Transcribed & marked up by Einde O’Callaghan for ETOL.
Waste: An Eye-Witness Report on Some Aspects of Waste in Western Sicily
by Danilo Dolci
trans. R. Munroe
Monthly Review Press, New York, 1964. 352 pp. $6.75.
In Waste, Danilo Dolci combines personal conversations with statistical data to give a startling picture of poverty-stricken Western Sicily. There is waste of natural resources and domestic animals, because of the backward traditions of the farmers and shepherds, and there is waste of human life, in the predatory warfare of the power-hungry mafiosi.
Dolci suggests tnat these problems may be solved by bringing a higher level of understanding to the people through supervised group conversations (examples of which are recorded in the book). These discussions will provide the people with a desire to change their situation and the technical knowledge necessary. The theory will be put to practice in cooperative work sessions, called “reverse” strikes, because workers will not be paid.

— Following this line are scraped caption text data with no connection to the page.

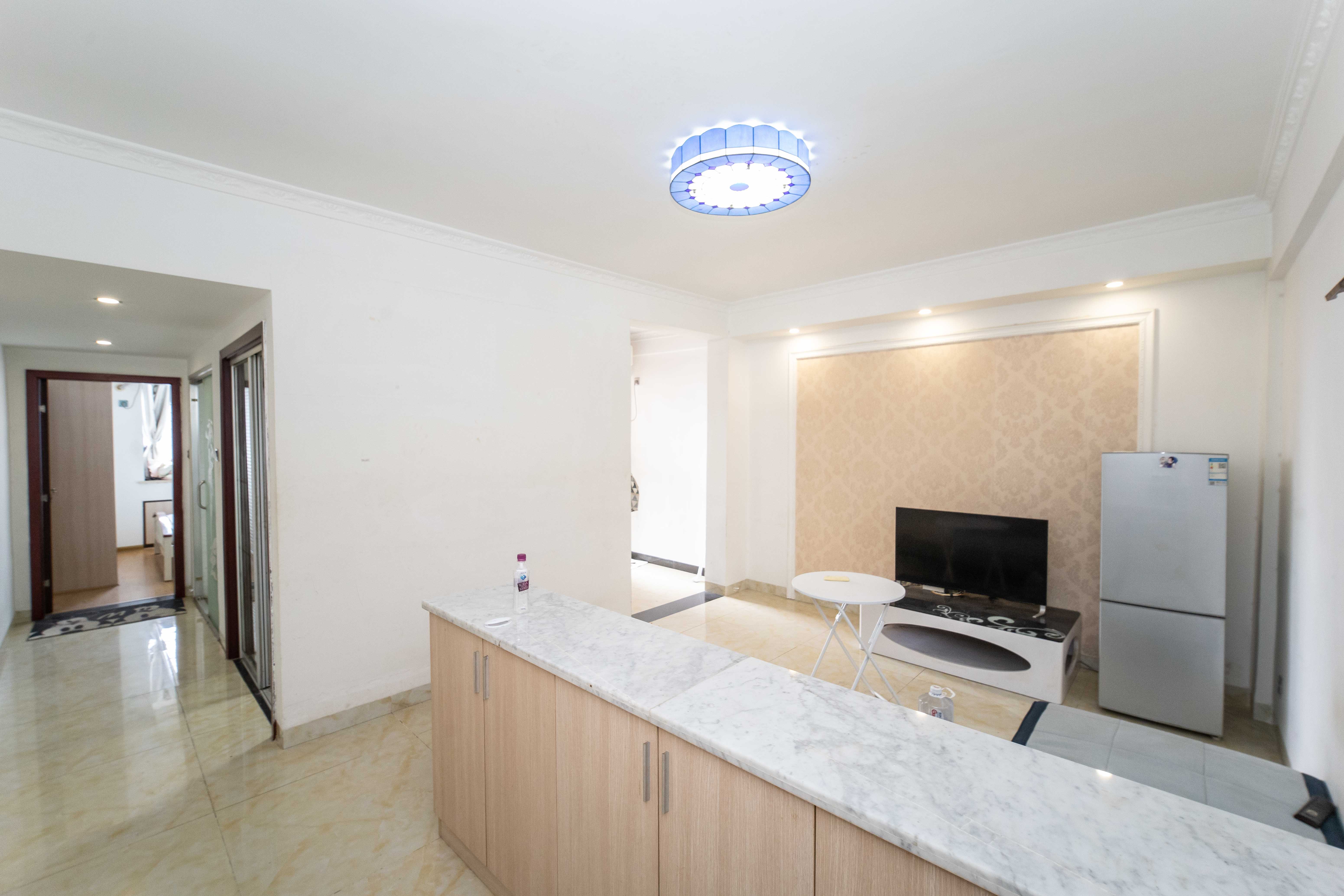 东方银座(东方摩卡) 1室1厅1卫 32.5万 东方银座(东方摩卡) 1室1厅1卫 32.5万客厅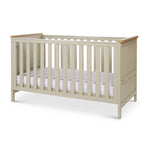 Tutti Bambini Misha Hallee 2 Piece Room Set - Mushroom/Golden Oak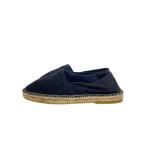 ショッピングエスパドリーユ Porter Classic◆ESPADRILLES/エスパドリーユ/27cm/BLK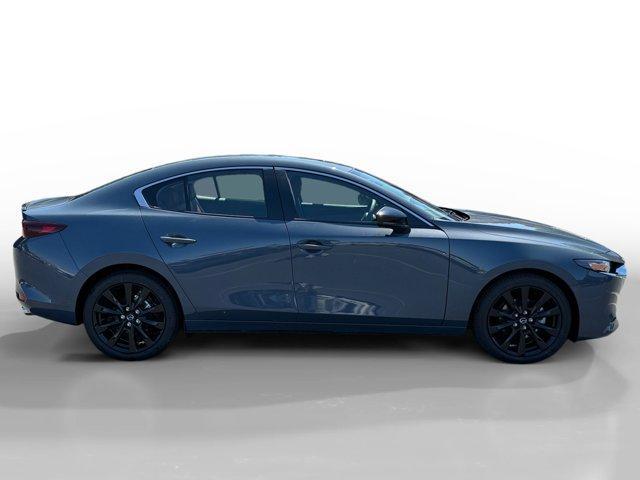new 2025 Mazda Mazda3 car, priced at $29,720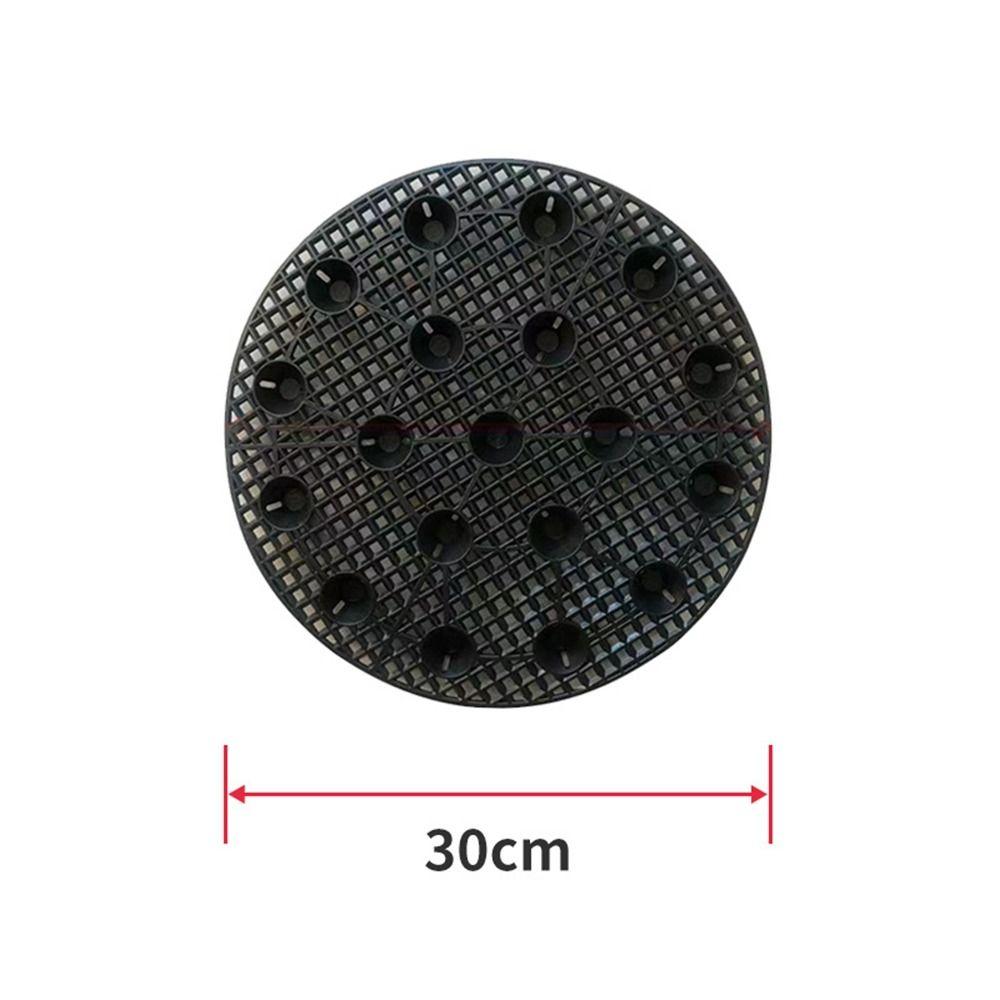 Plant Level Pot Elevator, Heavy Duty Plant Stands, 20/30/40Cm Plant Pot For Prevent Rot And Damage On Patio And Deck Set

The weakness of Waste is not in the description, which convinces one of the difficulty of the conditions confronting Western Sicily, but in the solution Dolci advances. Dolci seems willing to believe that the political corruption tradition in Sicily is also permanent. He rejects the path of unionizing the agricultural workers, apparently because previous trade unions have been unsuccessful in organizing the farmers, rather than because the Mafia has been successful in terrorizing those who might join it.
Unpaid employment can hardly be a long term solution for Sicily. What finally will stem the rule-by-assassination of the Mafia? What type of political party ultimately will guide Sicily to an advanced and equalitarian society? Dolci’s penetrating presentation of Sicily’s dilemma prompts one to raise many questions that Dolci, himself, does not answer.